When student loan debt comes to mind, someone like 65-year-old Myrtis Whalen Hooson might not be your first thought.
“I had to defer our car payment multiple times to make a student loan payment,” Hooson told NewsNation.
About 13 years ago, her late husband became disabled. Hooson’s $9-an-hour job couldn’t support the family. So at 54, she takes out loans and leaves back to school become a certified medical assistant.
“I was paying off all my student loans and I was paying off my student loans, and I was getting into more and more debt. It was stressful, not sleeping. Sometimes I wouldn’t even eat,” Hooson said.
She said she even reduced her grocery expenses just to make her monthly student loan payments.
But Hooson’s story isn’t unique, and she’s just one of 1.4 million Americans over the age of 62 who are still paying off their student loans. And for Americans 50 and older, that number jumps to over 6 million with student debt.
In fact, collectively, seniors owe approximately $296 billion in student loans.
“When you think of the word ‘student’ in debt, you immediately think of a younger person.

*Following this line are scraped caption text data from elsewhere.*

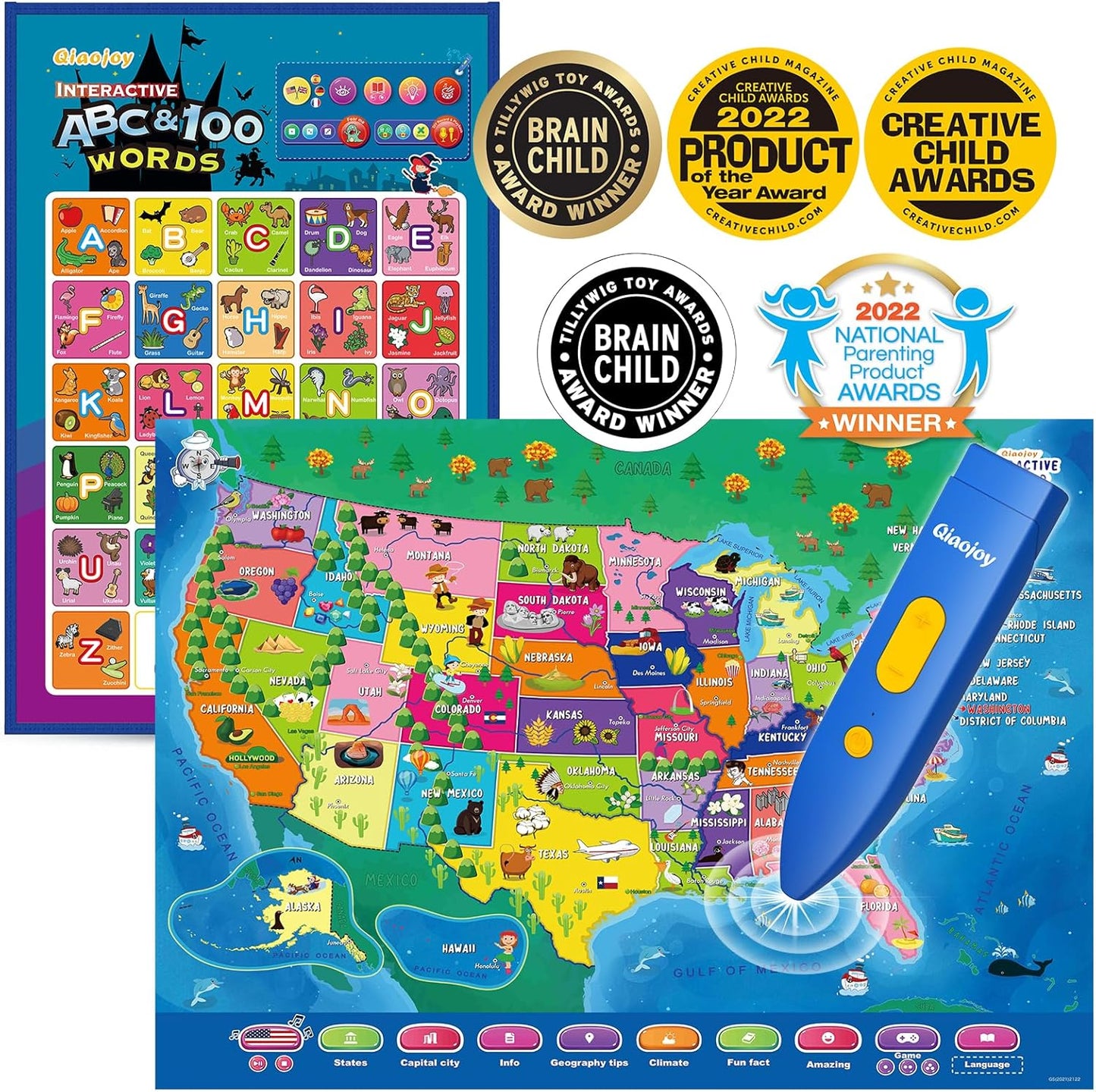 Bilingual Interactive for Kids Talking USA Map Alphabet Poster for Toddlers Learning and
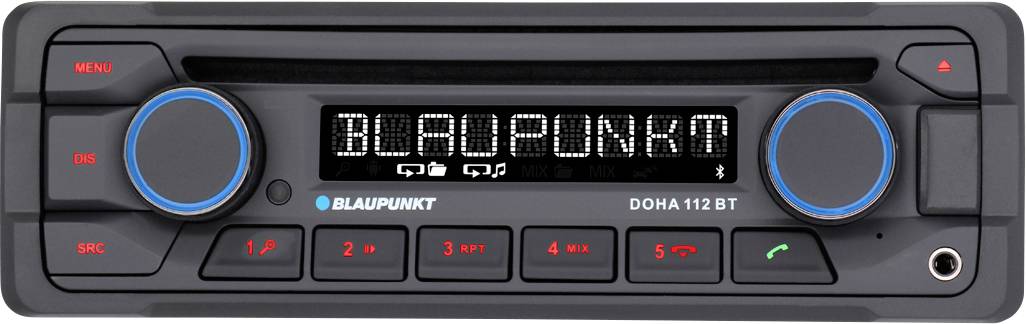 Avtoradio "Blaupunkt DOHA 112 BT" z modrim digitalnim prikazovalnikom. Gumbi za glasnost, izbiro postaje in bluetooth povezljivost.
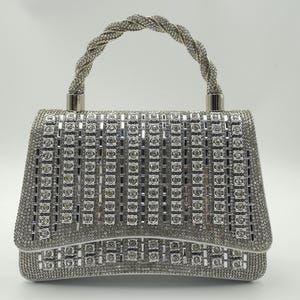Luxury Top Handle Clutch| Glitter Clutch| Statement Crystal Beaded Clutch – Bridal, Evening & Party Purse | Handmade Embellished Bag|
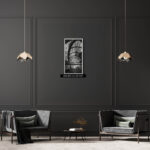Black and white photograph of Wynyard Walk canopy in Sydney, featuring modern architectural lines – wall art print for home or office decor.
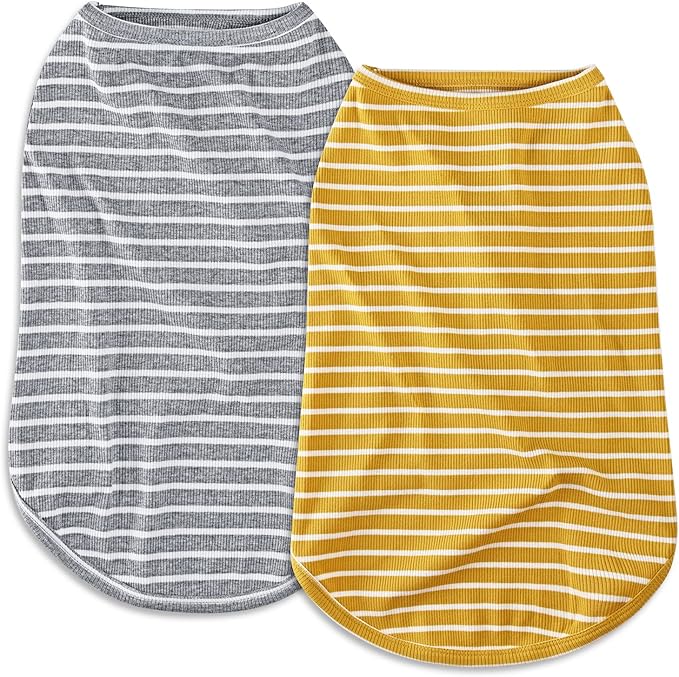 Koneseve Dog Shirt Vest Lightweight Stretchy Dog T-Shirts Soft Cool Shirts Sleeveless Stripe Vests Breathable Clothes for Puppy Kitty Cats Small Medium Large Dogs 2 Pack Yellow + Light Grey [ 5XL ]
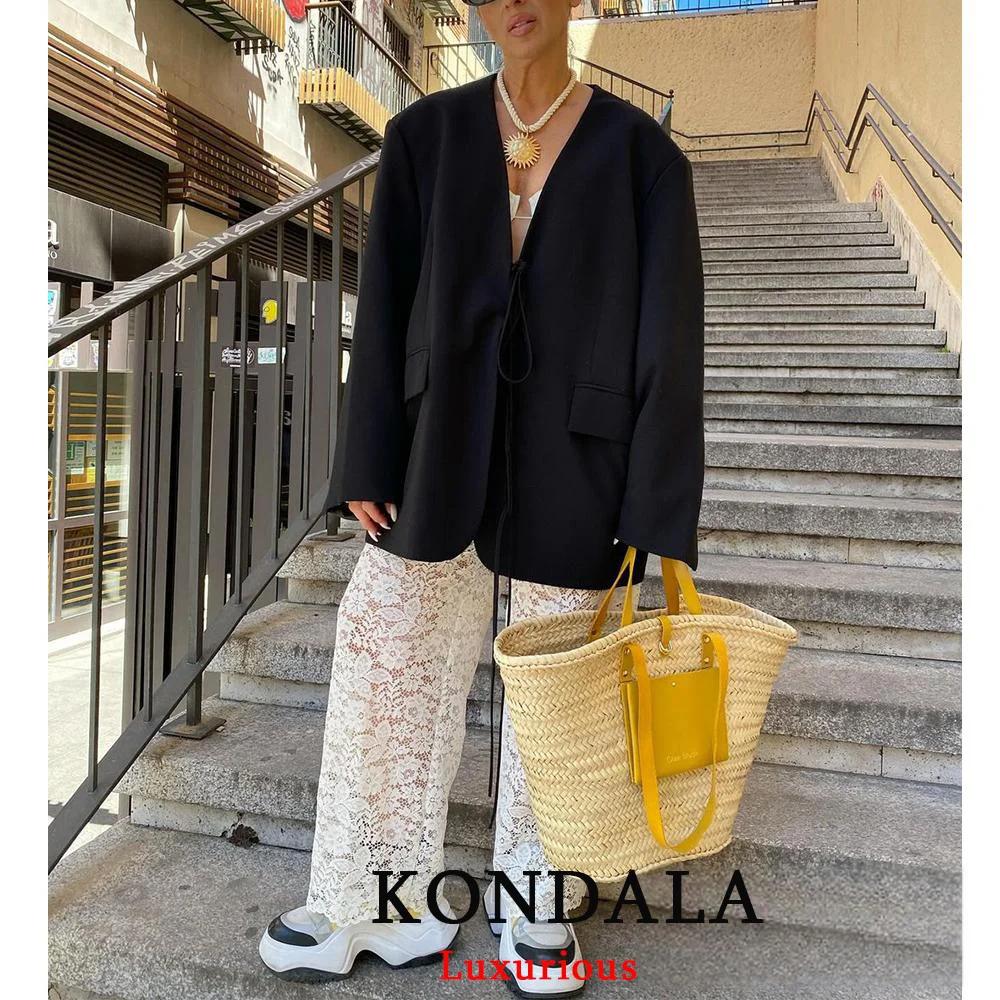 KONDALA décontracté surdimensionné noir Blazer femmes col en V nœud papillon poches vestes amples mo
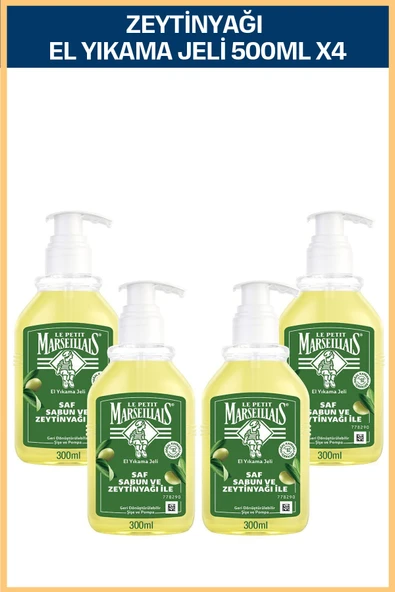 Le Petit Marseillais Zeytinyağı Saf Sıvı Sabun 300 ml X4 Ekonomik Paket ürün görseli 1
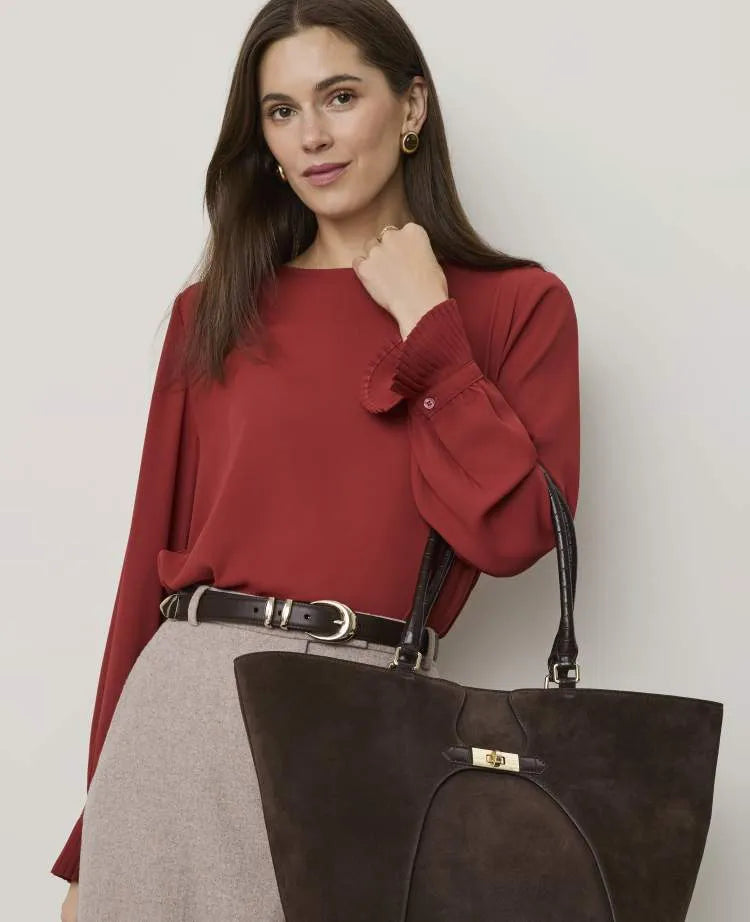 Petite Mixed Media Pleat Cuff Top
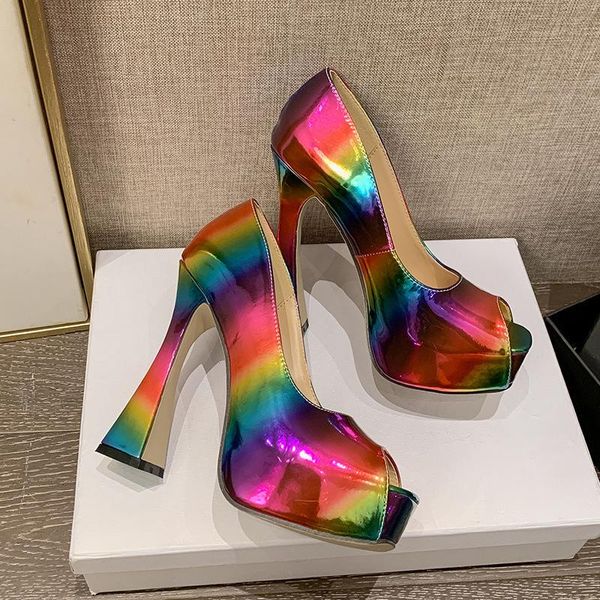 

sandals 2021 european and foreign trade women's shoes rainbow color fish mouth heel wine glass high heels wome, Black
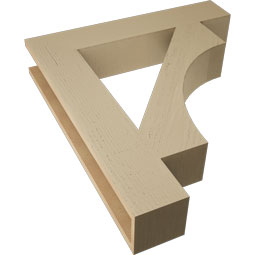 Ekena Millwork - BKTUR055X30X34WTL05RCPR - Timberthane Faux Wood Westlake Style Bracket, Block Ends, 5 1/2"W x 30"D x 34"H, Primed Tan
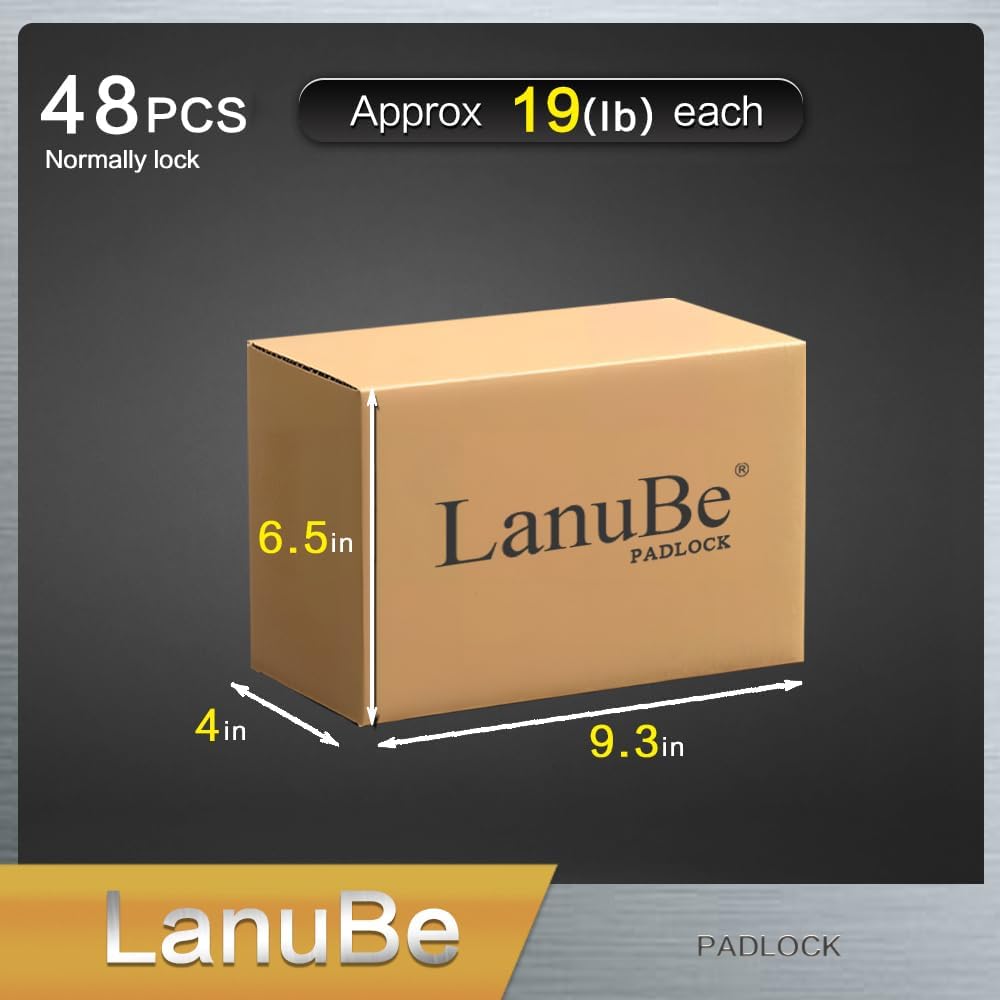 LanuBe Lock Laminated keyed Padlock (1-9/16", 40mm), keyed Alike Locks, Normal Shackle,Marked Black Plastic Hoop, Pack of 48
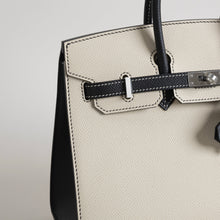 BIRKIN 25 EPSOM LEATHER (SELLIER SHAPE) HORSESHOE STAMP (HSS) BI-COLOR NATA & NOIR (BLACK) WITH PALLADIUM HARDWARE (PHW)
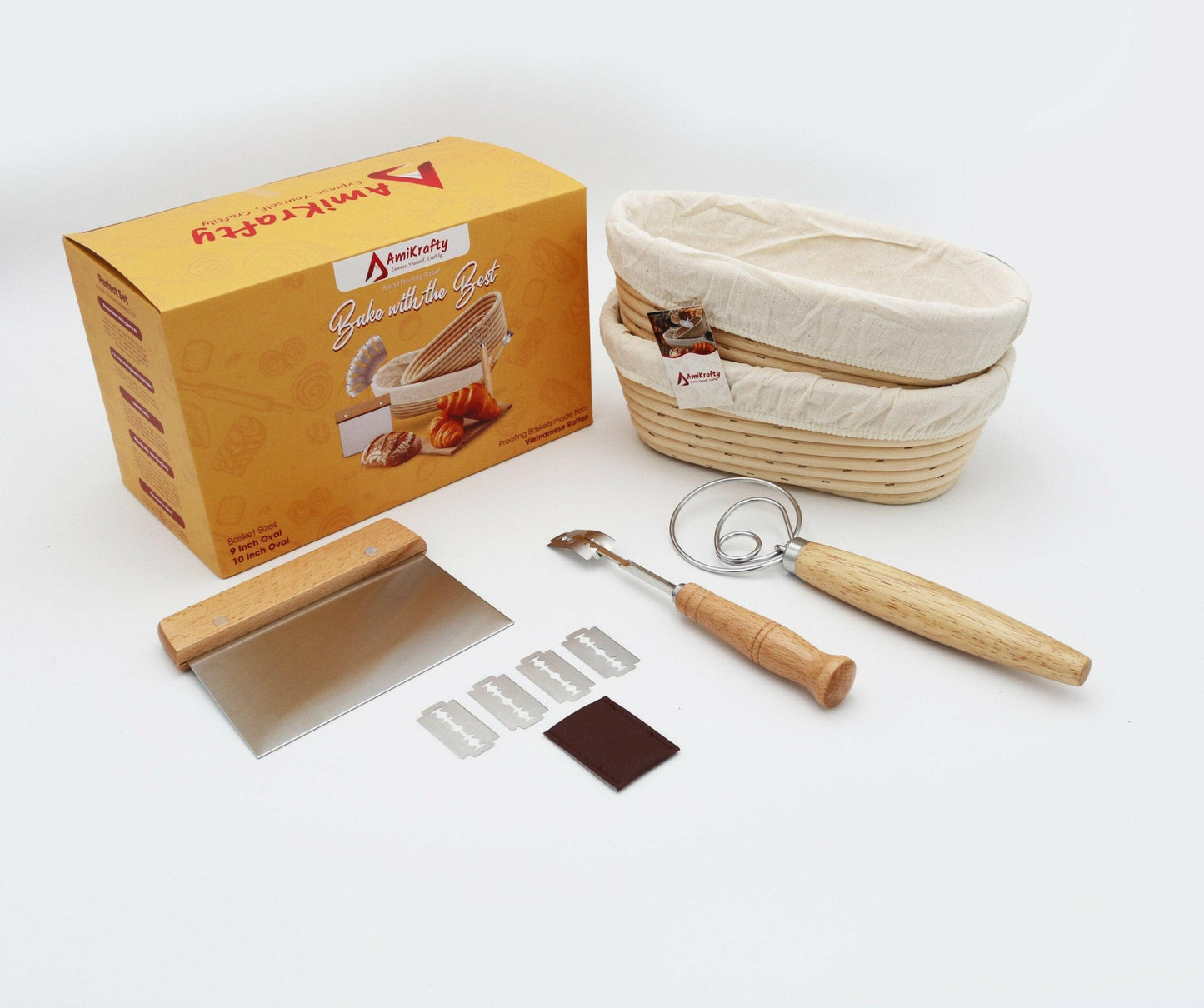 AmiKrafty’s Premium Bread Making Set: Banneton Bread Proofing Basket - Ami Krafty - Express Yourself, Craftily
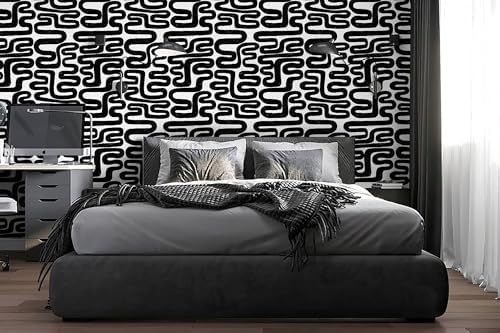 Peel and Stick Wallpaper Black and White Wall Paper Modern Geometric - Image 5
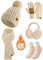 CMTOP Wintermütze Damen Touchscreen Handschuhe Set Thermo Strickmütze Beanie Wintermütze Winterschal Winterhandschuhe Ohrenwärmer Und Wintersocken-5 Stück Set Gestrickte(khaki,Einheitsgröße)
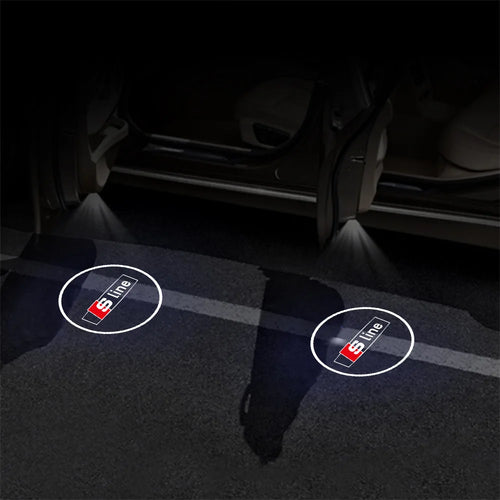 1/2PCS Auto Badge Door Decor Lamp Welcome Lights Wireless Laser Projector For Audis Sline TT A1 A2 A3 A4 A5 A6 A7 A8 8P B6 Q5 Q1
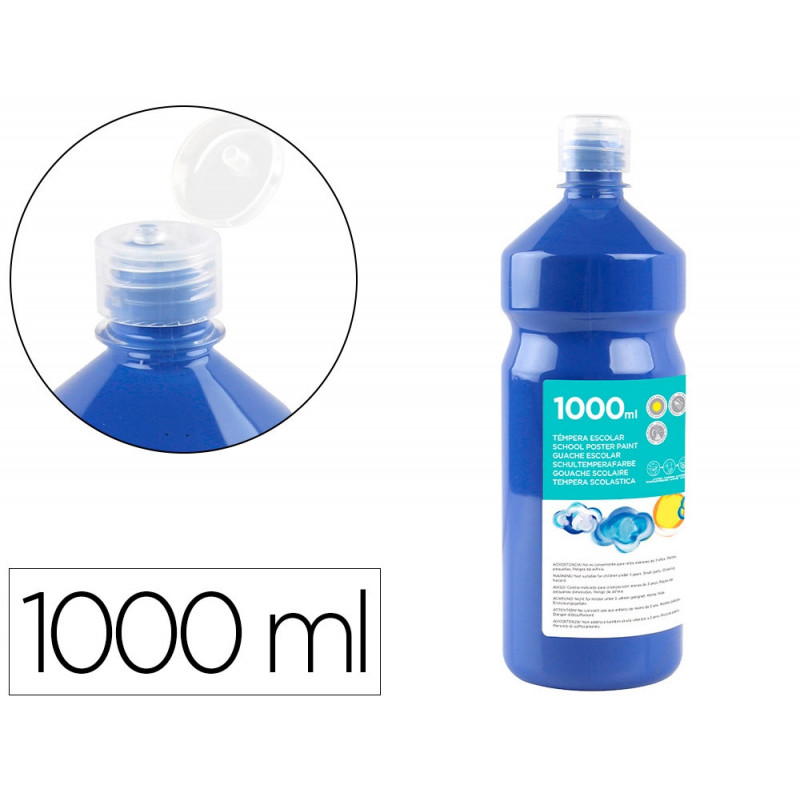 Gouache scolaire liderpapel liquide lavable fermeture sécurité brillante coloris bleu marine flacon 1000ml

People over 60 have become the fastest growing segment in the student loan market,” said Barry Coleman of the National Foundation for Credit Counseling.
He said that the elderly are well and truly forgotten, but he also said that skyrocketing college costs means more Americans are going into debt until the end of their lives. In some cases, paying off their own student debt while taking on more for their children.
“When a borrower defaults on federal student loans, the federal government can actually garnish up to 15% of Social Security payments,” Coleman explained.
He also said about 40% of senior borrowers have defaulted.
“I did it for my family, so I could make our lives better,” Hooson said.
She understands people who oppose loan forgiveness, but hopes Americans won’t rush to judge who has student loan debt and why they have it.
Whether President Joe Biden’s Student Loan Cancellation Plan advance, Hooson would benefit. However, there are plenty of other seniors who have taken out private loans who would not benefit from Biden’s plan.
Experts say most seniors qualify for income-driven benefits repayment planswhich could reduce monthly payments.